In this paper, we analyze IM usage patterns and identify applications of such trends and data in other areas. Our work provides the tools and baseline measurements to support the analysis of cross-cultural communications for coalition command processes. There are a few problems we encountered during performing IM usage analysis. IM usage data cannot be obtained from server logs because typical servers and service providers don’t expose this data. It requires users to share privacy sensitive chat transcripts or archives. Also, different users use different and often multiple IM clients and the format of each archive is different and sometimes stored encrypted, hence, making it infeasible to analyze.

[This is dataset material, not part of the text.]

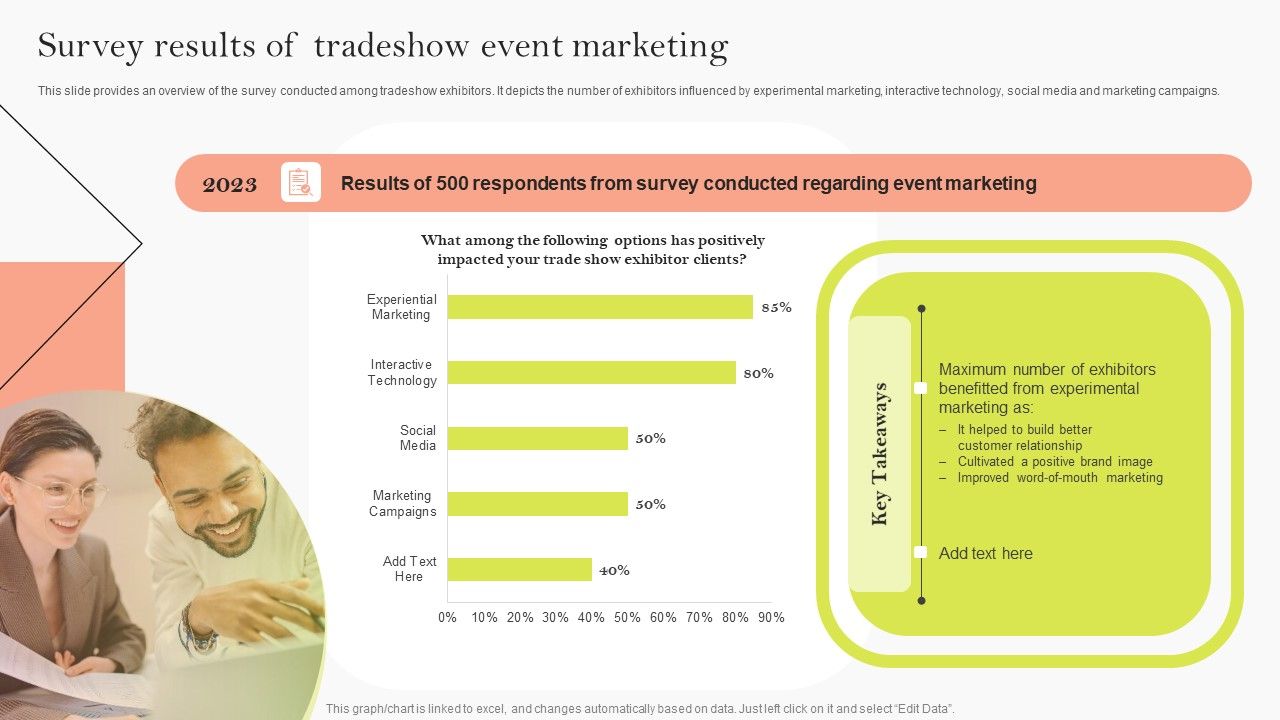 Survey_Results_Of_Tradeshow_Event_Marketing_Ppt_Infographics_Graphic_Tips_PDF_Slide_1.jpg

The initial approach we adopted was to analyze client side chat (IM conversations) logs from Microsoft's MSN Messenger [4]. But not many MSN users were willing to share their chat transcripts. In order to have unbiased analysis from real data it was crucial that the users continue to use their instant messaging clients as they would normally do without going out of their way to alter their behavior for this study. Hence, we decided to switch to study IM usage behavior using the logs from corporate chat client IBM Sametime 7.5. We plan to make chat-analyzer program for MSN messenger available in public domain so that users who are interested in running it against their MSN chat transcripts can do so and send us the results.

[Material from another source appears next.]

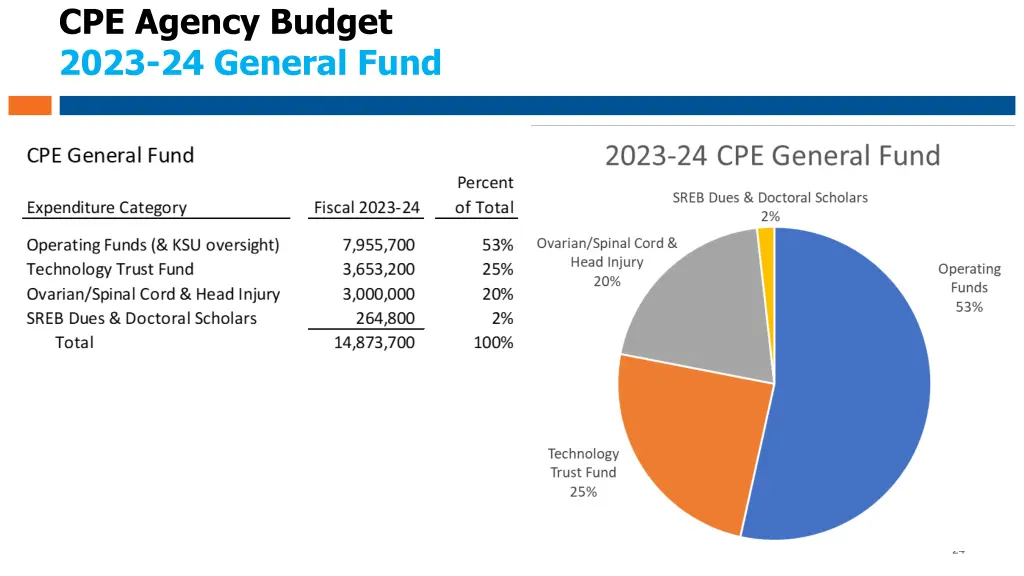 cpe agency budget 2023 24 general fund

The chat analyzer program written for Sametime only gathers non-privacy sensitive data pertaining to IM usage pattern for each user such as:
· Per day distribution of total chat with each buddy in contact list;
· Percentage of time a user chats with each individual buddy;
· Amount of time a user spends with a buddy per day;
· Per buddy distribution of total chat each day;
· Typical length of conversations.
Traditionally, the overall IM volume is used to do server capacity planning. There was no emphasis on the IM usage pattern of clients. As described above, with more clients requiring real time presence updates, due to increased usage of IM from context introduced because of presence, analyzing the pattern helps to automatically adjust presence notification rate. Some other usages can fall in the area of social networking.
There are multiple types of analysis from simple message frequency and number of message, type of data exchanged (URL, file transfers, emoticons) to complex linguistic analysis. This may in turn be used for determining the primary use of IM, trust level between users, and the social or work relationship dynamics.

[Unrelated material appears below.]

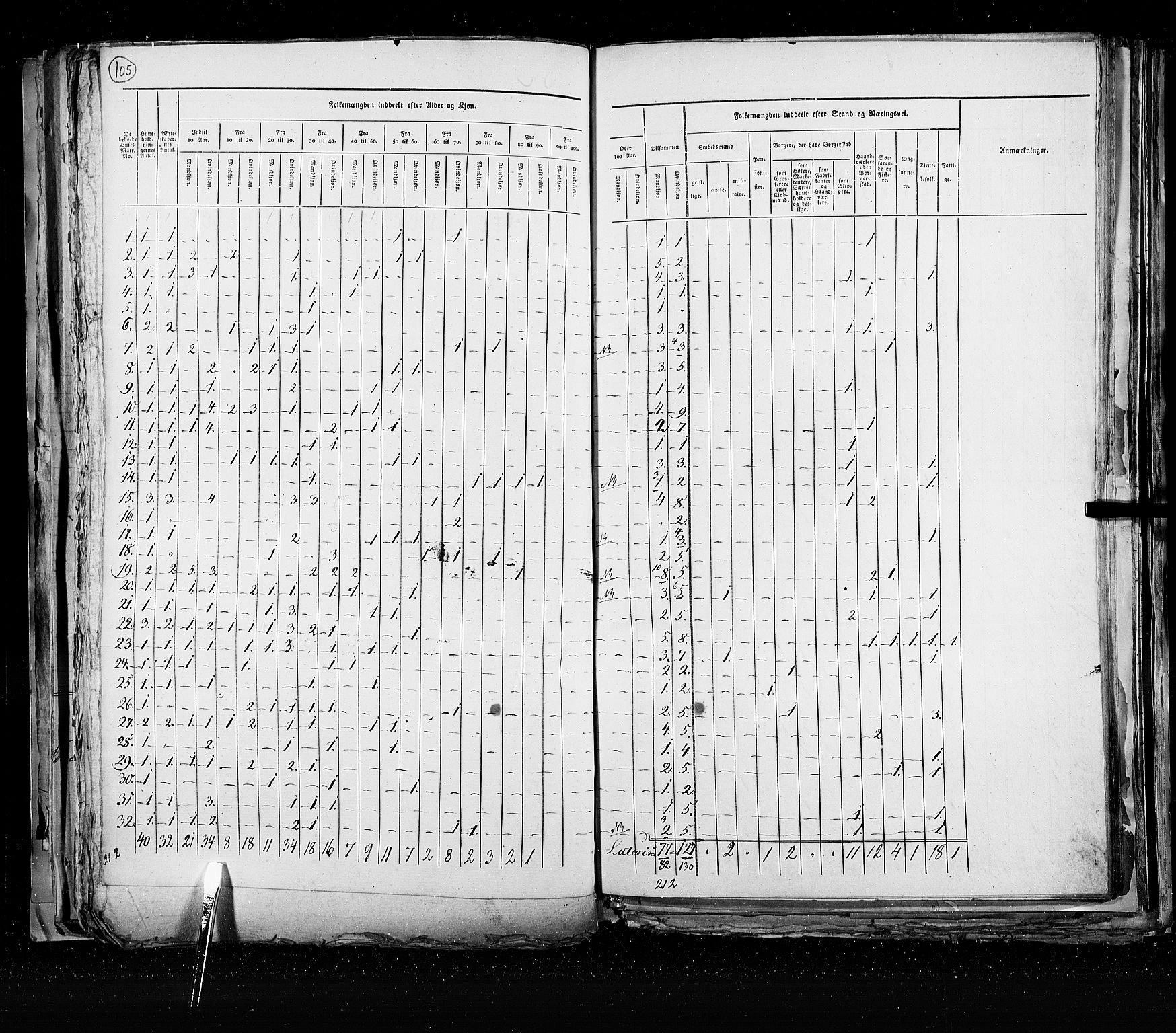 RA, Census 1825, vol. 21: Risør-Vardø, 1825, p. 105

Such an analysis of IM usage patterns can be used to analyze trends in IM usage, to study if a user is using IM instead of e-mail or phone over a period of time and to determine if the usage of phone is decreasing with increased use of IM. Additionally, usage patterns in terms of number of messages and time spent over IM communication can be used for automatically adjusting presence subscription rate for user’s contacts [5].
There
has been some previous work in this area but none of them were focused on
determining inter-user communication timings.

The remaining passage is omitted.